The answer, of course, is that Watir doesn't do that. Nor will it ever do that. Watir is not intended to be a replacement for an entire test department, it is merely a set of libraries to manipulate Internet Explorer. Ruby itself has a lot of goodness to do this kind of thing, but Watir never will.
The people that ask these questions are often quite expert. The problem is that they do not think of themselves as programmers.
That's So Crazy It's Not Even Wrong PART ONE
I once worked with a man who was an expert with the Mercury tools. We were using Ruby to test an application that used a lot of XML. At one point he asked me "Does Ruby give me any way to ignore parts of strings?" I told him that I could think of a couple of ways to do that, and I asked him to show me what he was trying to do.
He wanted to extract the data elements from XML documents by using what boils down to Ruby's gsub("foo","") to strip the XML wrapper parts.
Understand this: he was setting out to build an XML parser.

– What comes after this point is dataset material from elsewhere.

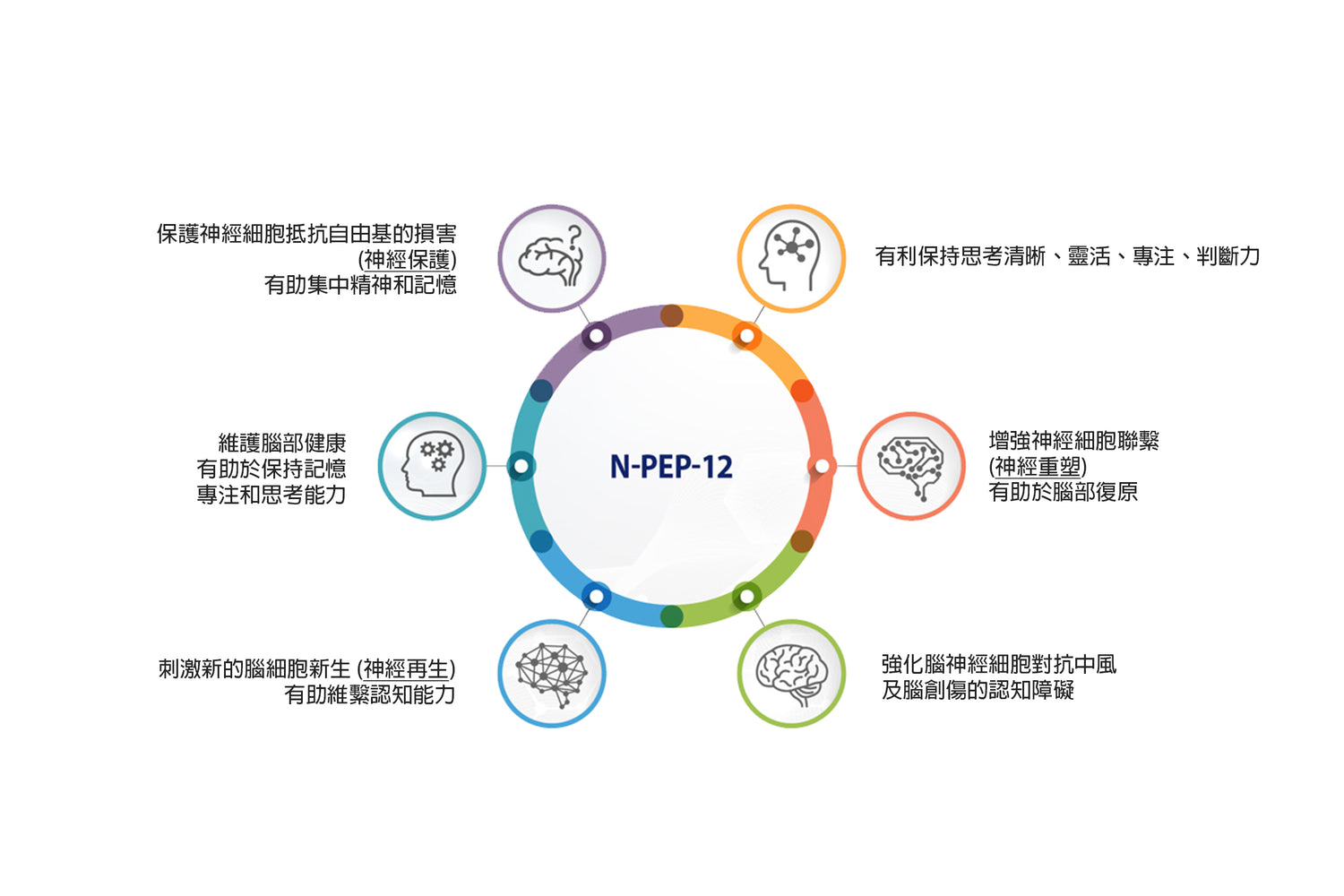 奧地利 EVER Pharma 藥廠專利成分生物神經肽 N PEP 12 能夠促進神經細胞存活及生長。維護腦部健康，有助於保持記憶，專注和思考能力。 刺激新的腦細胞新生 (神經再生)，有助維繫認知能力。增強神經細胞聯繫 (神經重塑)，有助於腦部復原保。護神經細胞抵抗自由基的損害 (神經保護)，有助集中精神和記憶。增加腦內葡萄糖傳遞和吸收，促進用氧，改善腦代謝功能。Healthcare Pharmascience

From scratch. Using gsub("foo","") as his only tool. He did not lack boldness.
This of course is madness. I introduced him to REXML and regular expressions. I presume he is still using them.

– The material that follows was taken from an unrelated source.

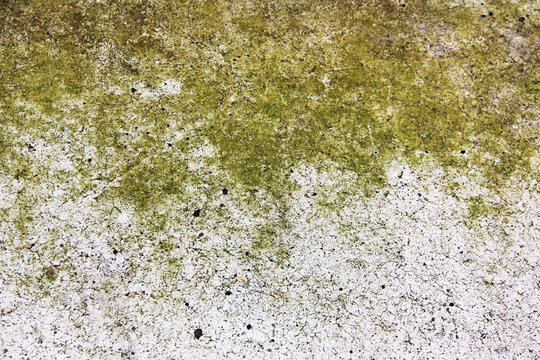 Piso de concreto cuarteado y con moho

The reason he set out on such an insane project was that apparently in the world of Mercury, the only string manipulation tool available to you is something a lot like gsub("string",""). My colleague was simply unaware of the wider world of programming, and of what was possible.
He did not think of himself as either a developer-tester, or a tester-developer. He thought of himself as a tester who is a consumer of things provided by others.

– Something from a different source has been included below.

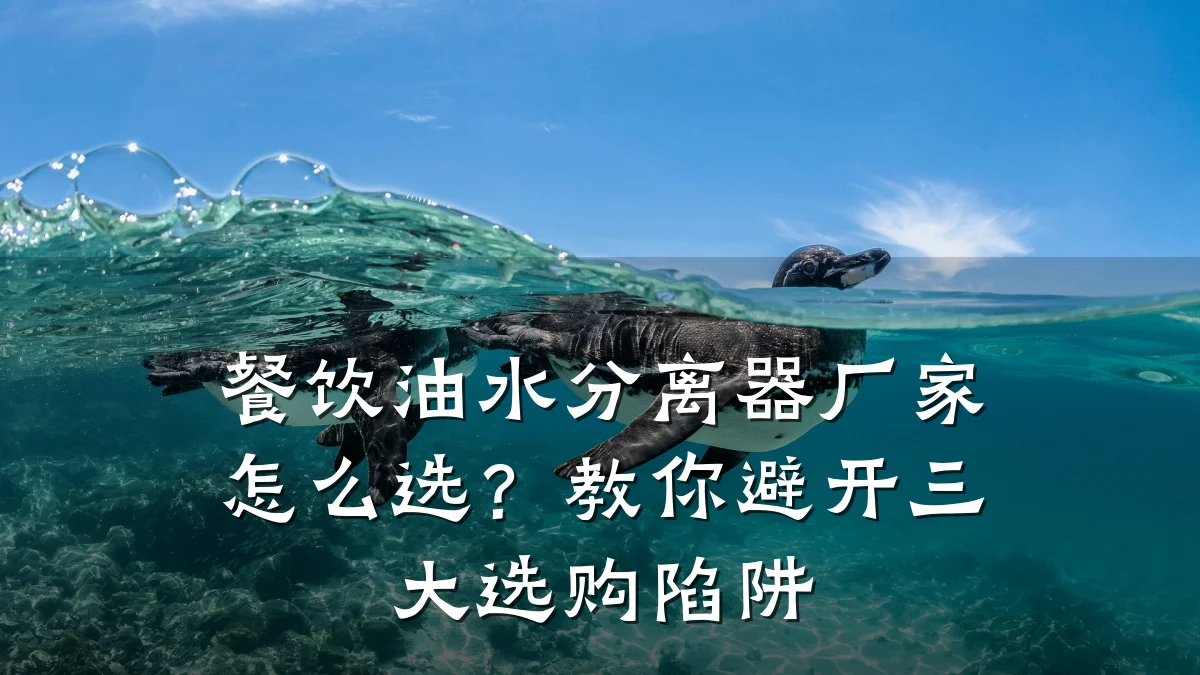 餐饮油水分离器厂家怎么选？教你避开三大选购陷阱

That's So Crazy It's Not Even Wrong PART TWO
Mercury is not the only culprit in this kind of brainwashing. I have encountered testers (and others) whose entire world revolves around Excel.
For instance, I know of someone who started out his test project by putting test data into Excel, then writing VBA macros to generate Ruby code on the fly and launch it from Excel. He had a difficult time seeing Excel as simply a repository for data, instead of the center of the entire testing universe.
Where's My Pony?
Programmers' main tools are programming languages. Many testers' main tools are expensive whiz-bang-multi-aspect thingies that, if they have programming languages attached at all, are primitive or crippled.
I would like to see more testers learn about programming. Not just how to do programming, but how to think about testing problems in such a way that the problems can be solved with programming. Programming remains the best way to manipulate computers. If you work closely with computers, you owe it to yourself and your colleagues to learn some programming.
If you've never seen an pony, how will you know what to look for when you go to the barn?
P.S. many thanks to Jon Eaves for the title of his blog, which I've stolen and then mangled.